After the file is applied, HPA automatically scales the Aerospike Database cluster when the scaling threshold is met.

Scaling on Prometheus metrics from Aerospike Database

AKO also supports scaling based on Aerospike Database metrics exposed by Prometheus. This requires the Kubernetes Event-Driven Autoscaler (KEDA) tool, which enables HPA to read and scale based on these metrics. KEDA connects directly to Prometheus as a metrics source and uses PromQL queries to define scaling thresholds.

Prerequisites

Aerospike Kubernetes Operator (AKO) 4.0 or later installed.
Aerospike Cluster: Deployed and operational, with the Aerospike Prometheus Exporter running as a sidecar container.
KEDA Installed: Follow the KEDA installation guide.
Prometheus Installed: Should be collecting Aerospike custom metrics.
Helm installed.

Deploy Monitoring stack

A monitoring stack must be installed to enable HPA to use Aerospike metrics exposed by the Aerospike Prometheus Exporter.

For detailed instructions on setting up the monitoring stack, see: Aerospike Kubernetes Operator Monitoring.

Install and configure KEDA

Run the following Helm commands to install KEDA.

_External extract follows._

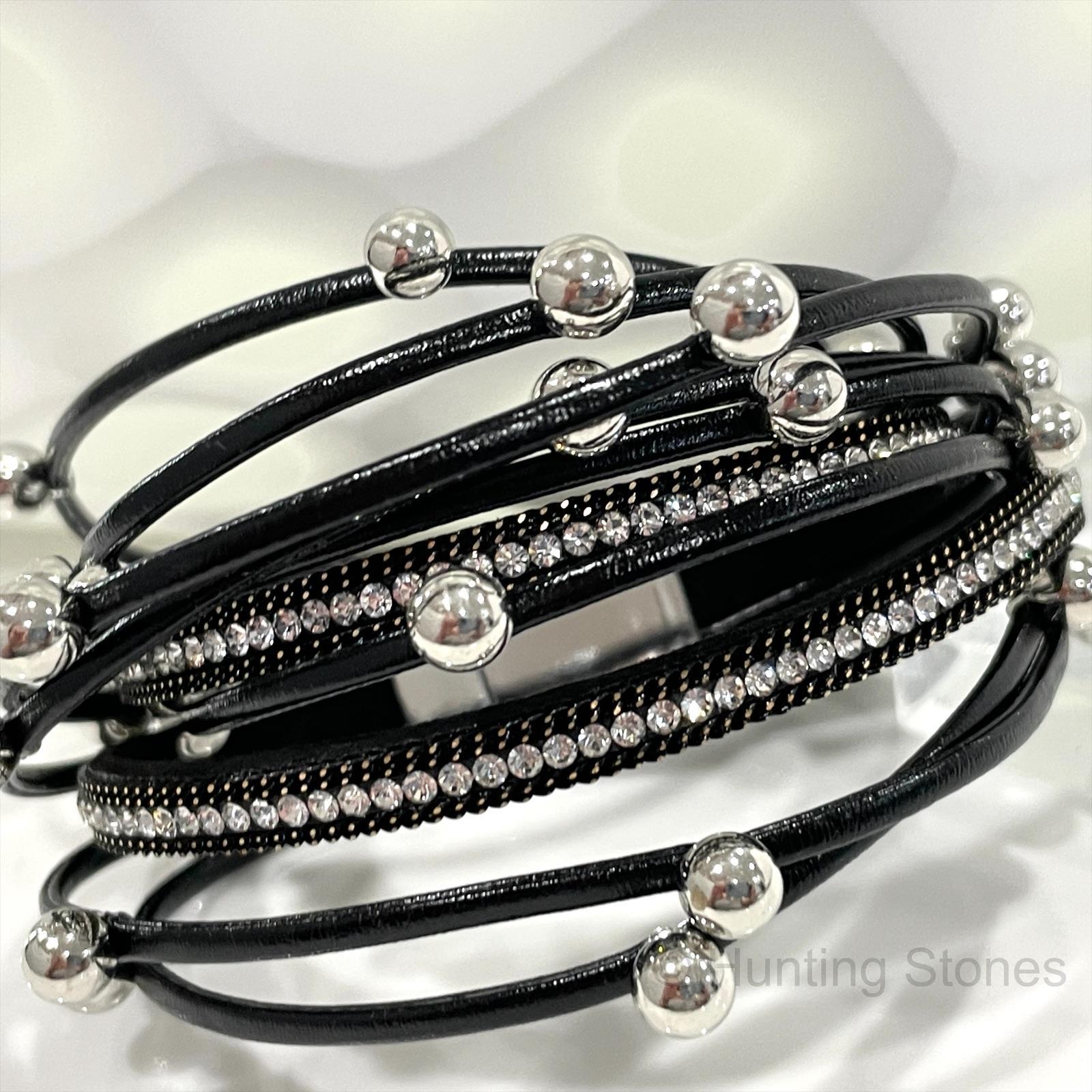 Crystal Stud Black Wrap Bracelet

helm repo add kedacore https://kedacore.github.io/charts
helm repo update
helm install keda kedacore/keda --namespace keda --create-namespace

Create a KEDA ScaledObject YAML file. In this example, the file is named scaledObject.yaml. You can use any name for the file.

Add the ScaledObject configuration parameters to the file. This example scales the Aerospike cluster based on the aerospike_namespace_data_used_pct metric exposed by the Prometheus server running on address http://aerospike-monitoring-stack-prometheus:9090.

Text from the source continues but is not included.